G


Aku mulai membersihkan rumah baru kami. Ditemani oleh seorang pekerja rumah tangga paruh waktu yang dibayar oleh mas Gun. Rumah ini cukup besar. Berlantai dua.  Lokasinya disudut sehingga tanahnya lebih luas. Aku menata ulang beberapa ruangan. Mas Gun memesan  perabotan rumah tangga baru. Sisanya hanya tinggal dipindah saja.

Dapurnya cukup terang, menghadap halaman belakang. Mas Gun juga membelikan kitchen set baru. Peralatan dapurnya sangat modern. Aku tidak pernah membayangkan kalau akan memasak ditempat seperti ini.

Teringat saat beberapa kali ikut mas Ben ke kota. Rumahnya lebih luas dari ini. Saat itu aku diijinkan ikut memilih perabotan yang sesiai dengan seleraku. Aku sangat bersemangat membantu waktu itu. Tapi sayang, bukan aku yang menempati. Ada orang lain yang lebih berhak sekarang.

Kutepis pemikiran yang tiba tiba hadir itu. Aku tidak boleh mengingat masa lalu lagi. Sudahlah, ini takdirku. Bersuamikan seorang pemusik. Suka atau tidak, ia yang mendampingiku. Kususun  kembali peralatan makan yang kubawa dari rumah tadi. Saat semua sudah pada tempatnya, barulah aku keluar dari Area dapur.

Meja makan baru  sudah datang. Lebih besar dari yang lama. Sofa tamu juga. Kutatap foto kami didinding saat menikah kembali. Kugigit bibirku. Rasa sesak itu datang lagi. Apa salahku sebenarnya? Sehingga ini terjadi?

Hampir tiga bulan sejak kami menikah. Aku tetap belum bisa mencintai mas Gun. Meski aku tidak membencinya. Ya Allah, apa yang harus kulakukan? Sesulit inikah merubah hati? Kapan aku bisa lepas dari semua kenangan masa lalu?

***

SEKILAS BENUA

Aku tiba di Jakarta. Besok pagi seminar akan dimulai. Sengaja menginap di hotel yang berbeda dengan lokasi. Karena saat dijalan, staff rumah sakit mengatakan kalau Alena menanyakan hotel tempatku menginap. Ia tak menyerah. Sama juga denganku.

Malam ini, dengan menggunakan mobil rental, aku menuju kediaman Gunung. Bukan untuk bertemu, tapi hanya melihat dari jauh kondisi Nandhitaku. Aku tidak ingin membuat keributan. Hanya saja hatiku tidak tenang sejak beberapa hari yang lalu. Seakan akan, aku benar benar akan kehilangan Aninku. Semoga ini tidak akan terjadi.

***

Gunung

Hari ini kami resmi pindah. Aku baru saja mengunci pintu depan. Kemudian berjalan memasuki kamar kami. Aroma segar langsung menyapa. Nandhita masih membereskan pakaian yang berantakan diatas tempat tidur untuk dimasukkan kedalam lemari. Daster merah membuatnya sangat seksi. Mungkin tak sadar, saat bagian bawah pakaiannya sudah tidak pada tempatnya. Menampakkan setengah dari paha mulusnya. Kadang hal hal sederhana ternyata malah bisa membangkitkan gairah secara berlebihan.

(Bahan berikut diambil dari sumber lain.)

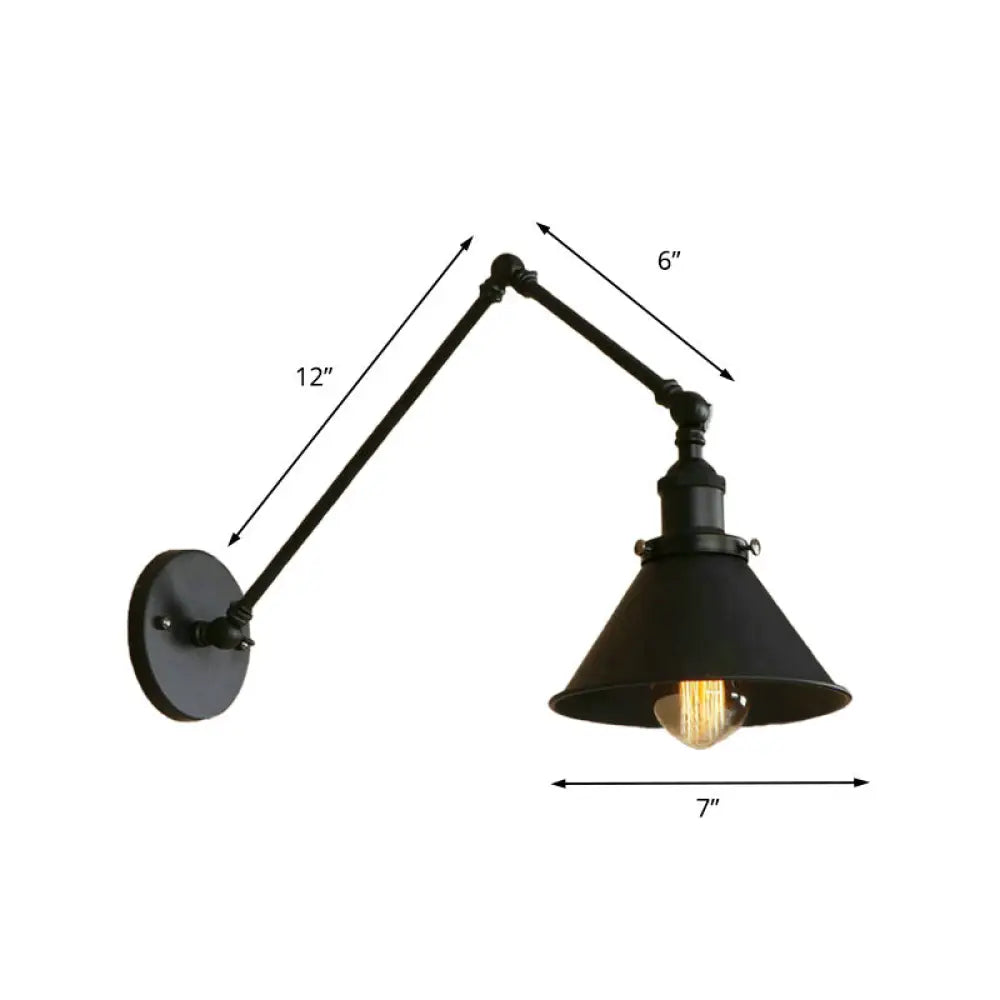 Adjustable Swing Arm Wall Sconce – Black Metal Cone Shade Light for Bedroom, Living Room & Hallway – Industrial Reading Lamp | Thomler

Aku mendekati kemudian duduk disampingnya. Meraih beberapa kain yang ada disekitarnya. Meletakkan disembarang tempat. Ia menatapku heran.

"Kenapa mas?"

"Kamu cantik." Godaku.

Nandhita hanya menggeleng sambil tersenyum. Kemudian  berdiri dan melanjutkan pekerjaannya. Memasukkan pakaian ke dalam lemari. Tak lama semua selesai. Giliran aku yang bangkit mematikan lampu utama. Membiarkan lampu tidur menerangi kamar. Agar suasana lebih romantis.

Saat ia duduk disampungku, kuraih wajahnya agar menghadap padaku. Kutatap bola mata bening itu. Aku menginginkannya malam ini! Aku tak  bisa menahan lagi.

"Boleh Nin?" Bisikku saat wajah kami semakin mendekat. Deru nafasku terdengar bagaikan singa kelaparan. Aku sudah terlalu lama menahan. Ia mengangguk pelan. Kuraih tengkuknya, dengan cepat kukuasai bibirnya. Ia benar benar pasrah! Dan aku segera tenggelam untuk menuntaskan hasrat yang selama ini kupendam.

***

Sekilas Benua

Aku baru saja tertidur, saat seolah mendengar teriakan lemah Anin. Lebih deperti teriakan minta tolong.

"Mas Ben."

Dia kenapa? Apa yang terjadi?

***

Nandhita

Aku menangis saat mas Gun membanting pintu dengan kasar. Aku yang salah, karena memancing amarahnya. Saat tadi ia hampir klimaks, aku yang sebenarnya belum siap tiba tiba menyebut nama mas Benua. Aku benar benar merasa kesakitan, saat mas Gun menumbukku berkali kali. Rasanya sangat perih dibagian intiku. Aku menangis, namun mas Gun tidak memedulikan tangisanku. Ia tenggelam dalam hasratnya. Berkali kali aku minta ia menghentikan kegiatannya. Tapi tak sekalipun ia mendengarkan permintaanku.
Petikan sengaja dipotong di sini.